▸ TASK REQUIREMENTS
What is needed is an exact copy of the records, with the images left out.

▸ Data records
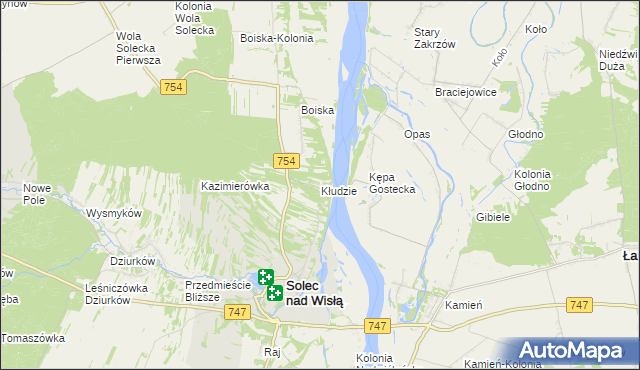 mapa Kłudzie, Kłudzie na mapie Targeo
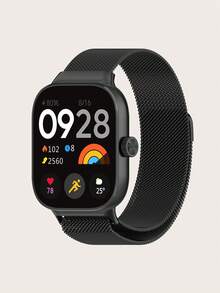 حزام حلقة ميلانية معدنية متوافق مع ساعة شاومي 4 النسائية/الرجالية قطعة واحدة قابل للتعديل من شبكة فولاذية مغناطيسية قابلة للتنفس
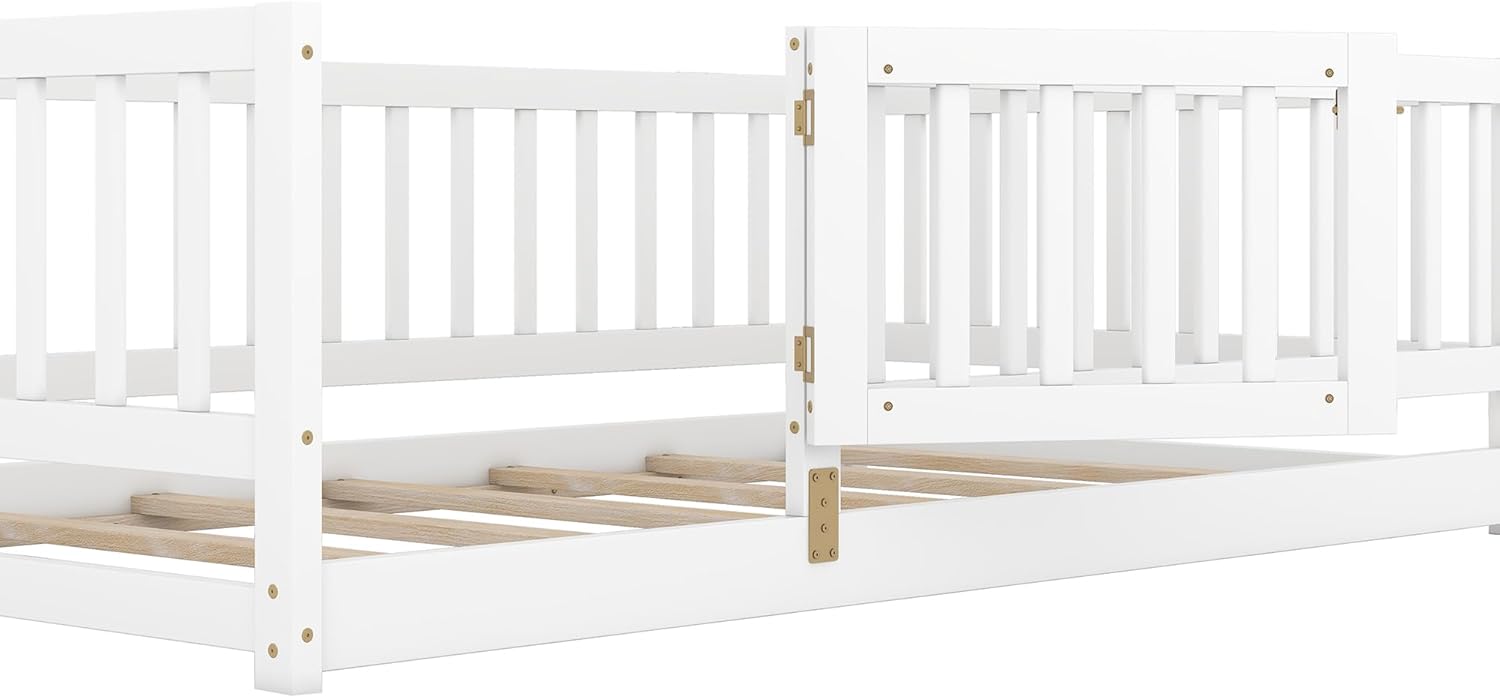 Bellemave Twin Size Montessori Floor Bed with High Rails, High Rails Floor Bed with Slats and Door, Easy Assemble Montessori Beds for Girls, Boys(White Twin)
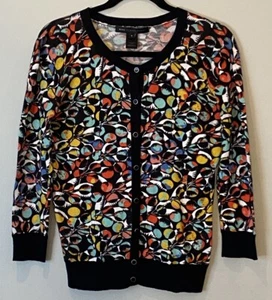 MARC BY MARC JACOBS Multicolored Cardigan Sweater Sz S Button Front 100% Cotton - Picture 1 of 11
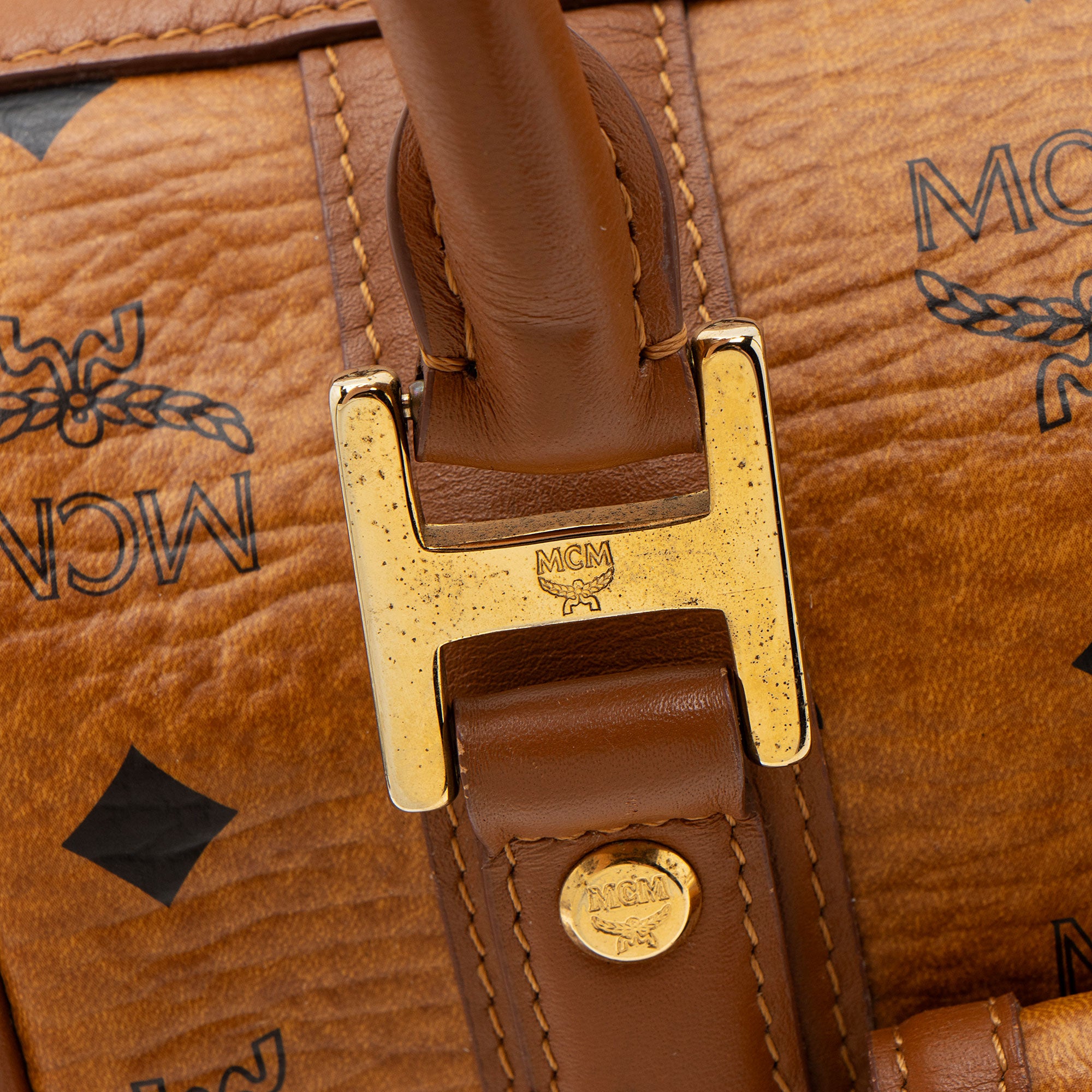 MCM Visetos Small Boston Bag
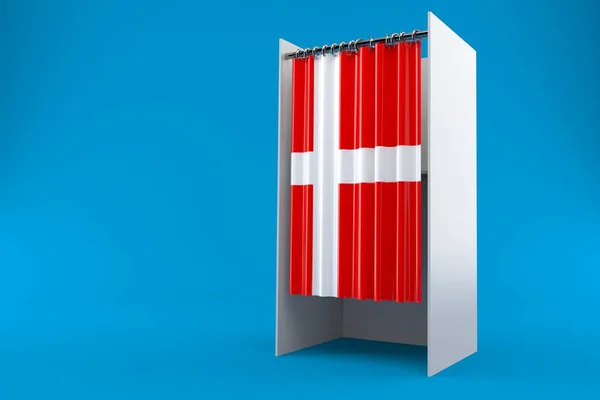 Wahlkabinett mit dänischer Flagge — Stockfoto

▸ ANSWER SECTION
 mapa Kłudzie, Kłudzie na mapie Targeo
 حزام حلقة ميلانية معدنية متوافق مع ساعة شاومي 4 النسائية/الرجالية قطعة واحدة قابل للتعديل من شبكة فولاذية مغناطيسية قابلة للتنفس
 Bellemave Twin Size Montessori Floor Bed with High Rails, High Rails Floor Bed with Slats and Door, Easy Assemble Montessori Beds for Girls, Boys(White Twin)
 MARC BY MARC JACOBS Multicolored Cardigan Sweater Sz S Button Front 100% Cotton - Picture 1 of 11
 MCM Visetos Small Boston Bag
 Wahlkabinett mit dänischer Flagge — Stockfoto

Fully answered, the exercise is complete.